Because questions are now allowed at Scrutiny meetings, provided they are submitted in writing two days before the meeting takes place, I asked the following:
As this is taxpayers' money would it not be more acceptable to the public to use this for the benefit of them, for example by applying a proportion of it to the provision of the car park on the old Little Chef site in Redbrook which the residents have been promised for the past nine years?
There are many other worthy local causes to which the money could be applied, but I mentioned the car park in Redbrook because it is a project I have known about for many years.
The verbal answer, from Cllr Brian Robinson, portfolio-holder for Efficient Government and now also a county councillor, was that the fund is a mandatory requirement, so it would be very instructive to be informed where the money would have come from if there had been no surplus on which to draw.
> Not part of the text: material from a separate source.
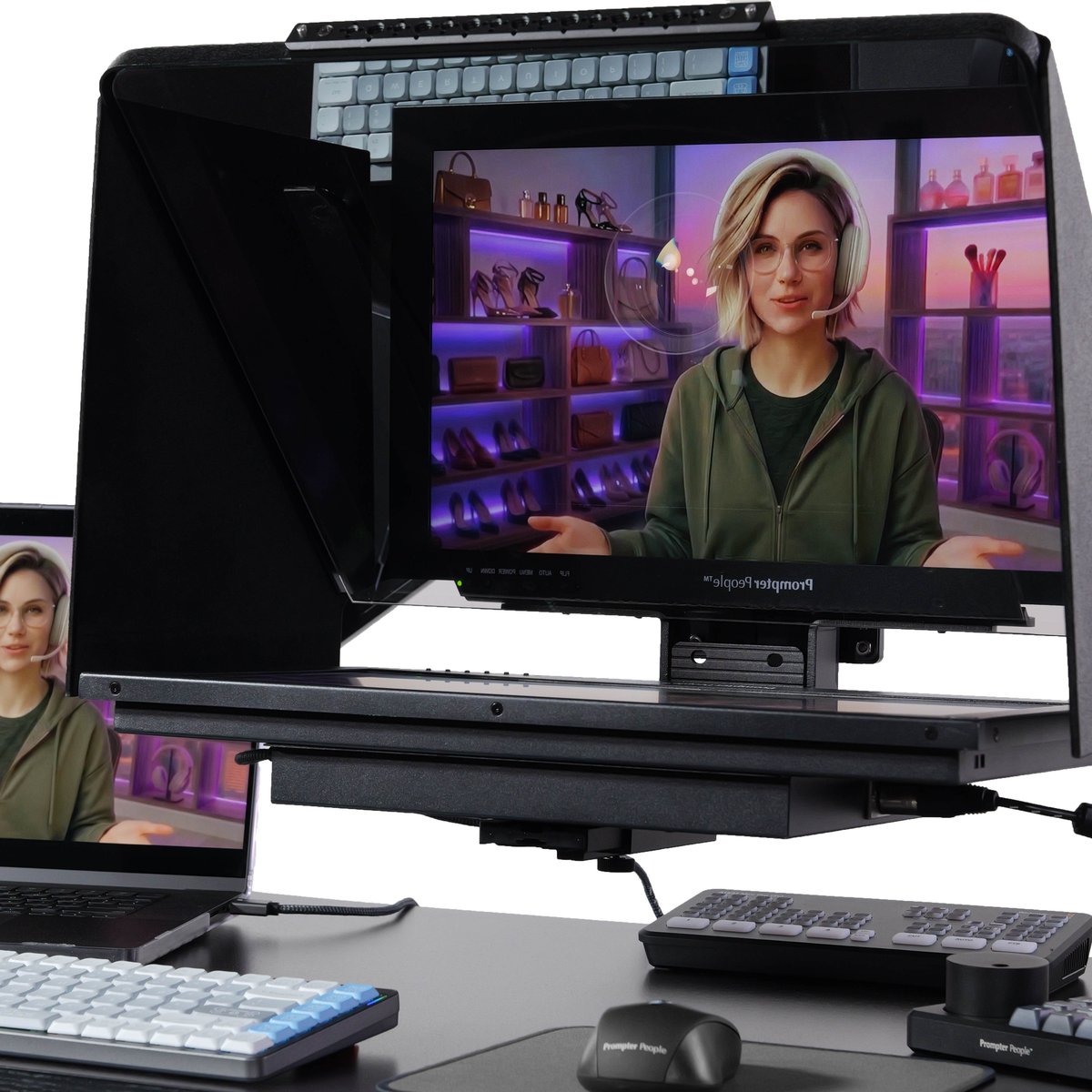 PrompterPeople's tweet photo. Use a professional camera and see yourself how your audience sees you with a Prompter People Flex Plus FreeFly Teleprompter. Perfect for Zoom, Desktop Content Creators, Live Streaming, and so much more. TeleScroll Voice automated scrolling prompting software included free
As a supplementary question I asked when, and at which committee, this had been debated and was advised that it had been a decision of Cabinet but had been discussed under exempt minutes, meaning the public is excluded. As the result is now in the public domain it is reasonable to expect that these exempt minutes will now be also be placed there, but I shall not hold my breath. Why a matter such as this, which discusses the use of publicly-funded money, should be exempt is in any case questionable.
We are constantly being told that government, at all levels, is transparent when it is so obviously not. The Forest of Dean District Council could give a lead in this by banning all exempt minutes except where sensitive commercial details are involved. – Dr Daphne Pearson, Redbrook.